Now, it is worthy of consideration that the lawmakers, in framing this provision, have not imposed any requirement for the preservation of the evidence of the notice. It contains no provision at all with reference to proof of the publication nor of preservation of that proof. It is true, the general statute on the subject of legal advertisement (Kirby's Digest, § 4924) provides that the affidavit of the editor, proprietor, manager or chief accountant of a newspaper shall be sufficient evidence of a publication of any notice or advertisement required by law; but neither in that statute nor in the Enabling Act is there any express provision for preservation of the notice. It is inconceivable that the lawmakers would have imposed upon the Secretary of State a duty intended to be mandatory without making some provision for preservation of the evidence of his act so that the courts might take notice of his records and discover whether or not that duty has been discharged. This omission furnishes strong evidence that the lawmakers did not intend the provision to be mandatory.

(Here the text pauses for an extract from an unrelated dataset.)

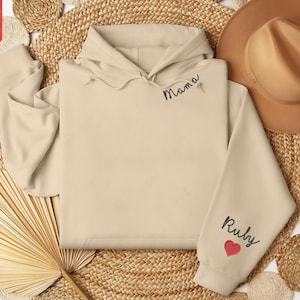 Personalised Mom Hoodies, Embroidered Mama/Mimi Mother&#39;s Day Hoodies, Kids Names On Sleeve Hoodies, New Mom Gifts, Gifts for Grandmother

The authorities on this subject are not entirely harmonious. This court is, however, committed to the rule, which is in accord with the great weight of authority, that, so far as concerns elections of officers, the failure to perform any duty such as giving notice does not deprive the electors of the right to choose public officials. In Wheat v. Smith, 50 Ark. 266, 7 S.W. 161, Chief Justice COCKRILL, speaking for the court, said: "The right to hold the election in such cases comes from the statute, and the notice required to be given thereof is only a reminder to the people of what the law has otherwise provided. An omission to publish the statutory notice of the election does not, in such cases, affect its validity."

It is argued that the rule thus announced does not apply to an election upon some proposition other than the selection of an officer. That contention is not without authorities to support it. Janesville Water Co. v. City of Janesville, 156 Wis. 655, 146 N.W. 784.

Cases cited by counsel for the appellants hold that provisions for notice are mandatory and that they must be strictly complied with, otherwise the election is void. McCreary, Governor, v. Speer, 156 Ky. 783, 162 S.W. 99; State ex rel. Woods v. Tooker, 15 Mont. 8, 25 L. R....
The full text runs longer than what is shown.